Starting at the line that holds "Smart forfour 70", quote every line through the end of the records, both boundary lines included. Omit the pictures.

Records from a collection
*****
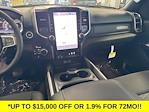 New 2025 Ram 1500 Big Horn Crew Cab 4x4 Pickup for sale #R1520 - photo 10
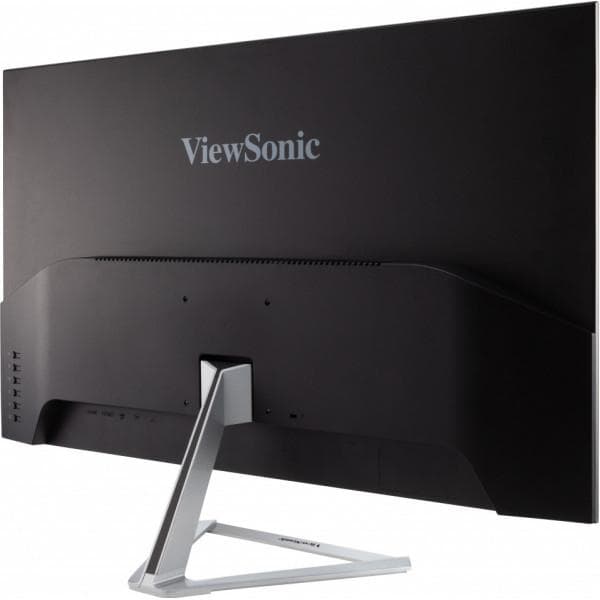 ViewSonic VX3276-2K-MHD-2 - LED monitor - 81.3 cm (32") (31.5" viewable) - 2560 x 1440 WQHD @ 75 Hz - IPS - 250 cd/m² - 1200:1 - HDR10 - 4 ms - 2xHDMI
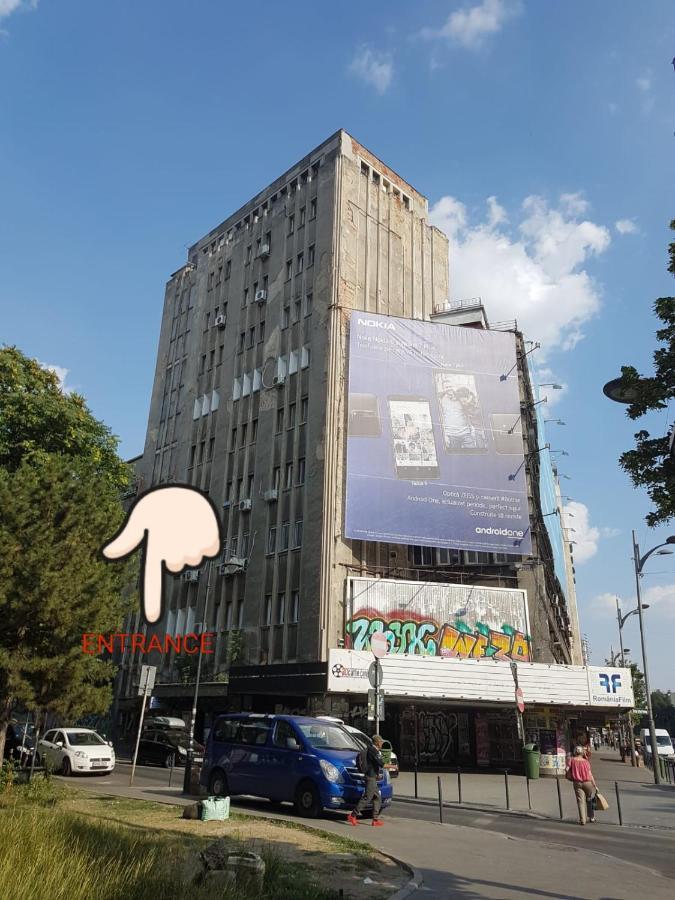 Patria Studio Bükreş Dış mekan fotoğraf
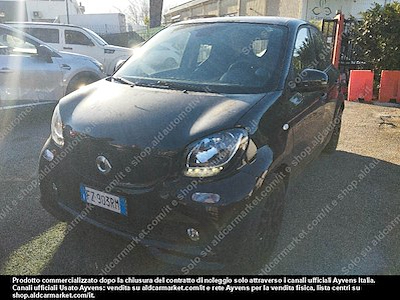 Smart forfour 70 1.0 52kw superpassion -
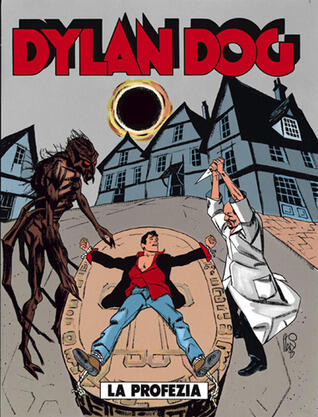 Dylan Dog n. 111: La profezia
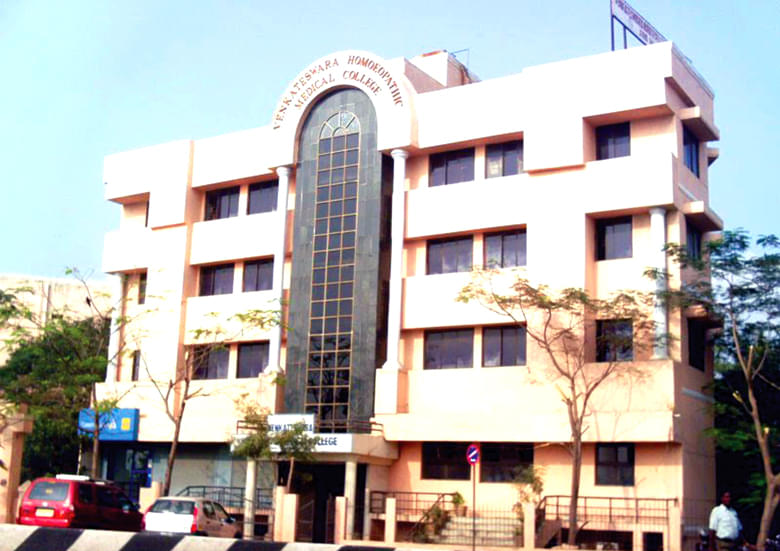 Venkateswara Homoeothic Medical College Porur Chennai Academic Building photo 5
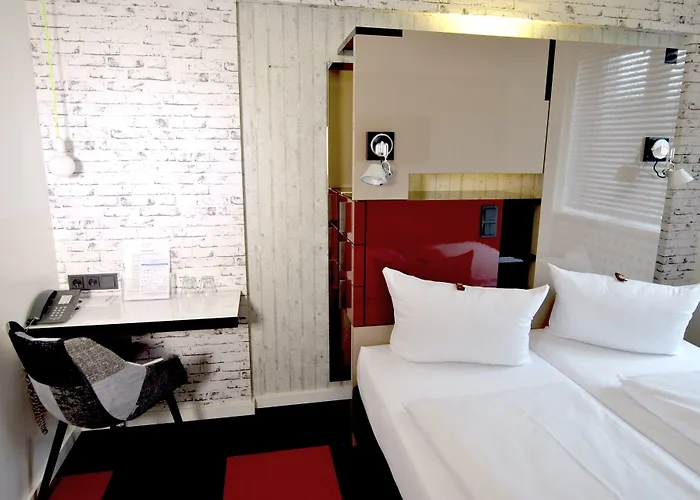 Cristall - Frankfurt Hotel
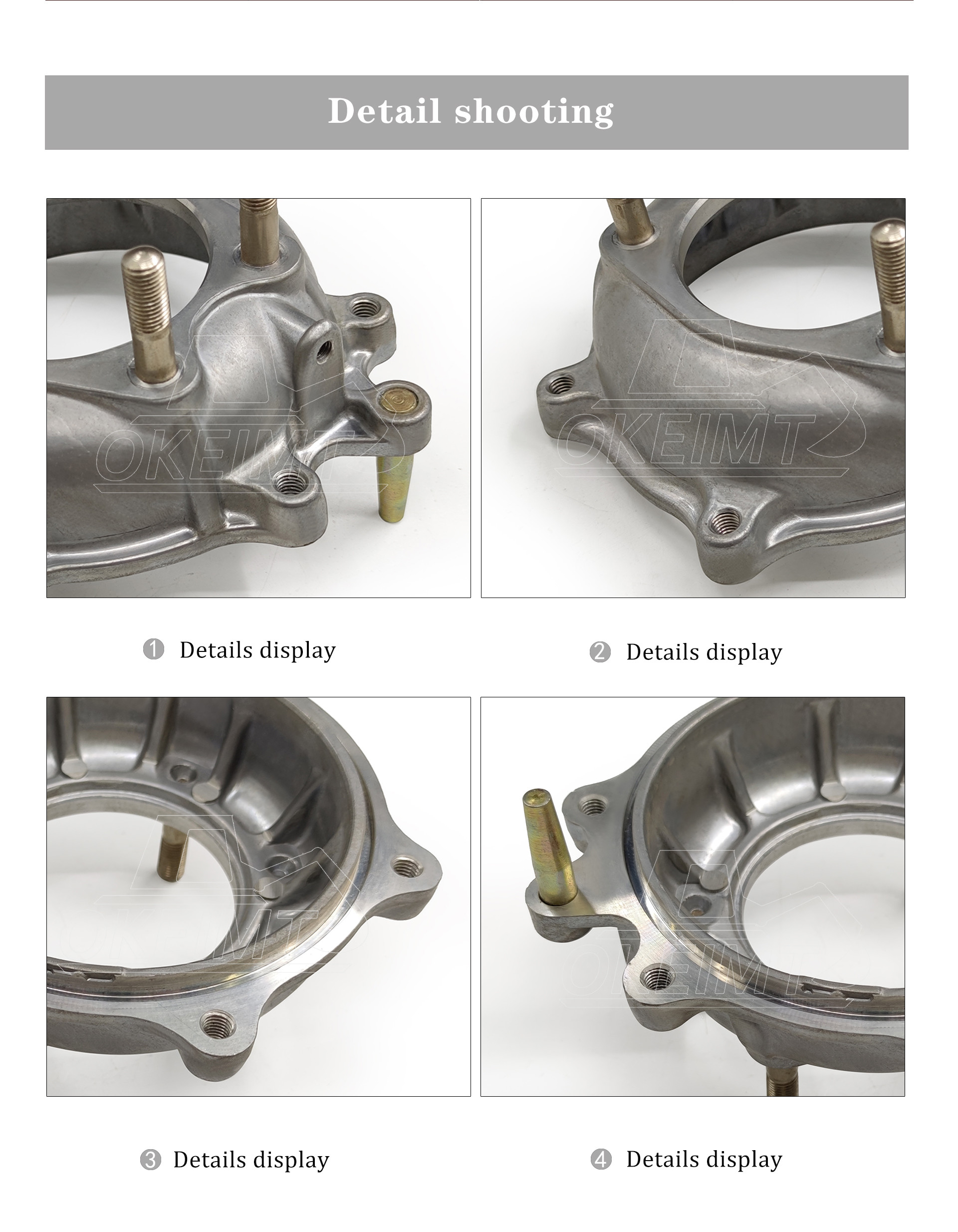 Excavator Engine Parts 6D31-N
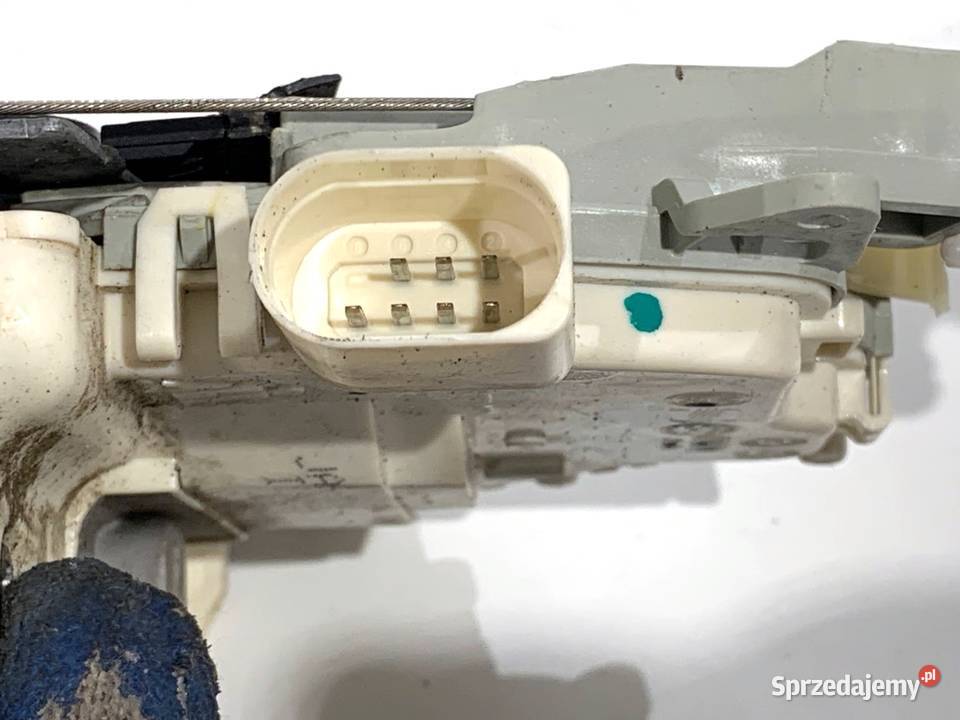 ZAMEK DRZWI LEWY PRZÓD AUDI A6 C7 SedanLimuzyna podkarpackie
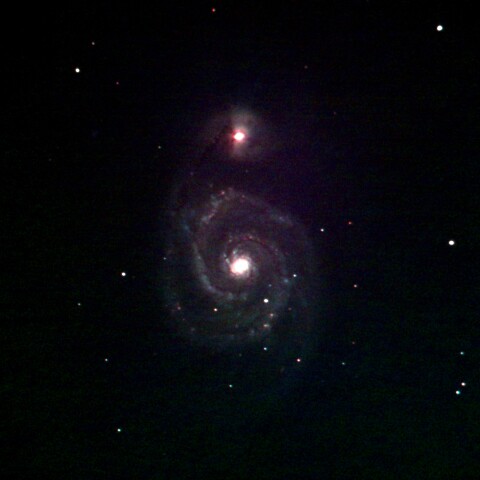 M51　2024/1/7
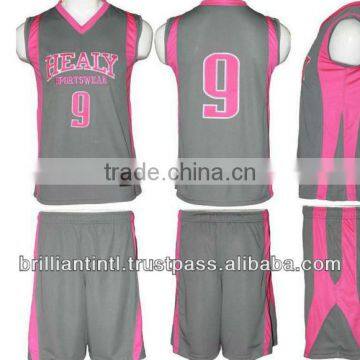 Basketball Uniform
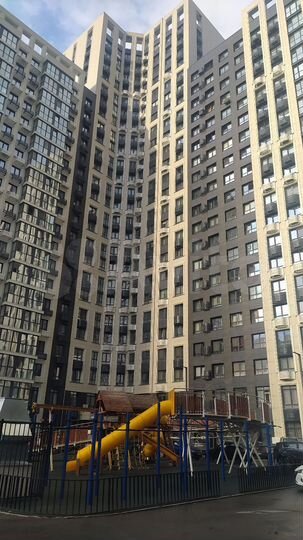 Квартира-студия, 27 м², 8/20 эт.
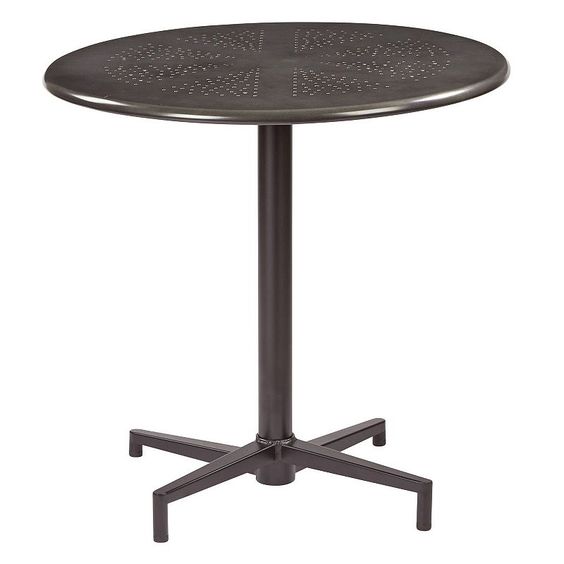Moroccan Handcrafted Metal Tables for Versatile Home Decor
*****
ANSWER FOR THIS EXERCISE:
 Smart forfour 70 1.0 52kw superpassion -
 Dylan Dog n. 111: La profezia
 Venkateswara Homoeothic Medical College Porur Chennai Academic Building photo 5
 Cristall - Frankfurt Hotel
 Excavator Engine Parts 6D31-N
 ZAMEK DRZWI LEWY PRZÓD AUDI A6 C7 SedanLimuzyna podkarpackie
 M51　2024/1/7
 Basketball Uniform
 Квартира-студия, 27 м², 8/20 эт.
Moroccan Handcrafted Metal Tables for Versatile Home Decor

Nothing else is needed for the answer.